Business Math Final Exam Part 3

[31] You would like to save to return to school. You deposit $4,000 into a GIC that pays j4 = 7.44%. You have decided to return to school when your savings grow to at least $6,000. If you make no more contributions, how many years will it take you to reach your goal?

 

[32] An investment of $2,000 made 30 months ago is now worth $2,676.45. What nominal rate of interest, compounded semi­annually, did the investment earn?

 

[33] What nominal rate, compounded semiannually, is equivalent to 12% compounded quarterly?

 

[34] Debts of $800 due today and $900 due in 27 months are to be repaid with 2 equal payments, 1 year and 2 years from today. If the interest rate is 9% compounded quarterly, find the size of the payments. Use 2 years as the focal date.

 

[35] You are searching for a mutual fund.

  • Fund 1 offers a rate of return of 6.4% compounded quarterly.
  • Fund 2 offers a rate of return of 6.6% compounded semi­-annually.

Convert all rates to effective rates. Which fund is the better investment?

 

[36] You purchase a new car.
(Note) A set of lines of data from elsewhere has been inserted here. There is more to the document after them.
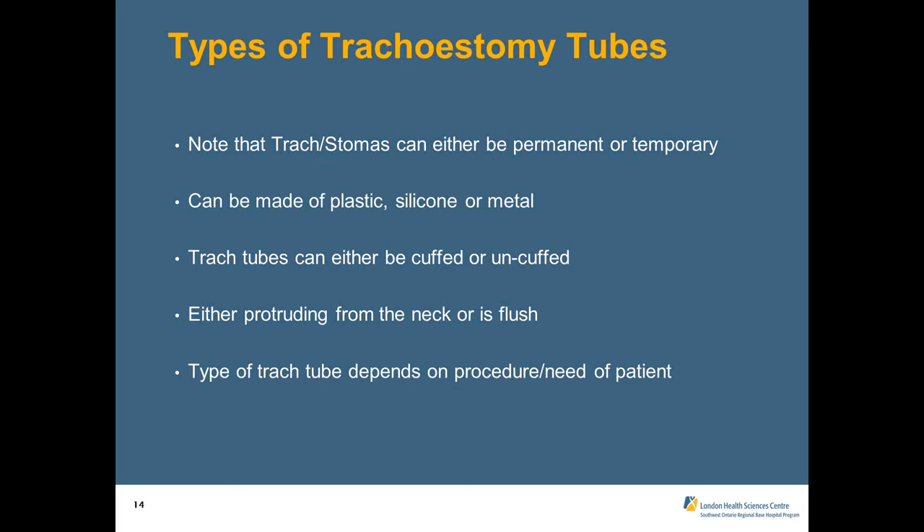A cuffed trach tube is used largely to allow positive pressure ventilation via bag valve mask or home ventilator, and to prevent gross aspiration in patients with severely impaired swallowing. Most patients seen out-of-hospital will likely be uncuffed. The attachment protruding from the neck can be either flush or have a standard 15mm inner / 22mm outer diameter connector that attaches to a BVM — important when responding to calls involving a patient with a trach. Some trach tubes will allow BVM attachment; others will not.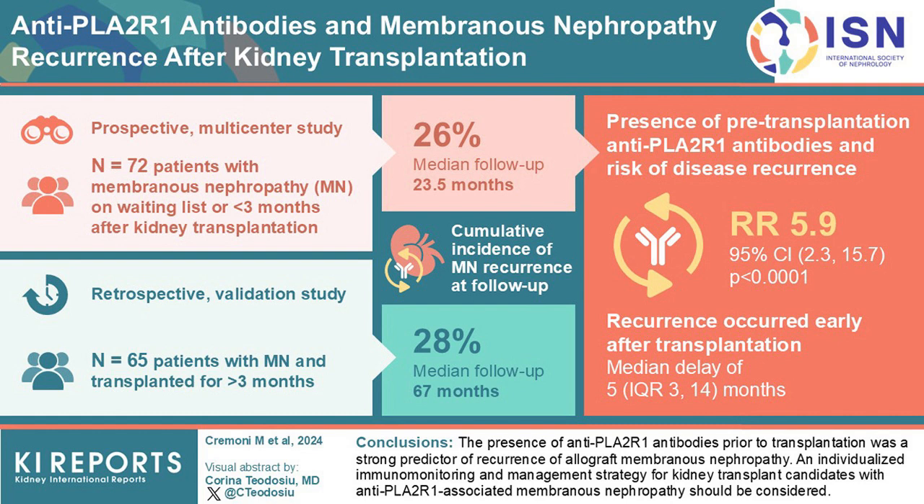Interestingly, recurrence occurred early post-transplantation — a median of 5 months — even as antibody levels decreased, highlighting the limited utility of post-transplant antibody monitoring. These findings emphasize the need for individualized immunomonitoring and management strategies for kidney transplant candidates with antiphospholipase A2 receptor 1-associated membranous nephropathy.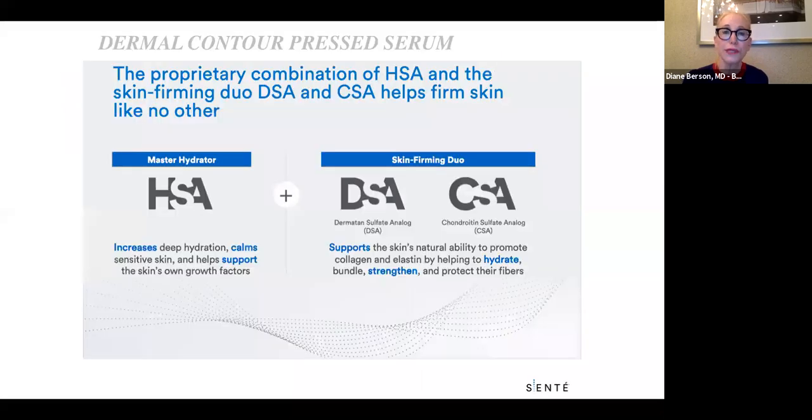The Dermal Repair Cream has been a big favorite, especially for patients with sensitive skin. The newer product, Dermal Contour Pressed Serum, I personally love and use every morning. It's a combination of heparin sulfate analog with two skin-firming ingredients: dermatan sulfate analog and chondroitin sulfate analog. These are related ingredients that help stimulate the glycosaminoglycans and ground substance in the dermis to further hydrate and strengthen the dermis, and smooth out the skin. Sente also has a retinol serum called Bio Complete Serum, so you can use these all together.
The dealer offers you terms of 20% down and the remainder financed over three years at an interest rate of 9% compounded quarterly. The cost of the car is $21,640.79.

(a) Find the size of your monthly payment if your first payment is due one month after you purchase the car.

(b) What is the cost of financing (i.e., how much interest will you pay)?

 

[37] A TV set may be purchased on these terms: a down payment of 20% of the selling price is to be made on the date of purchase, followed by 18 monthly payments of $40 each, with the first payment one month after the date of purchase. If the interest rate charged is 10% compounded monthly, what is the cash price (selling price) of the TV set?

 

[38] A used car that sells for $15,000 may be purchased by making payments of $500 per month for 3 years with the first payment due the day the car is purchased.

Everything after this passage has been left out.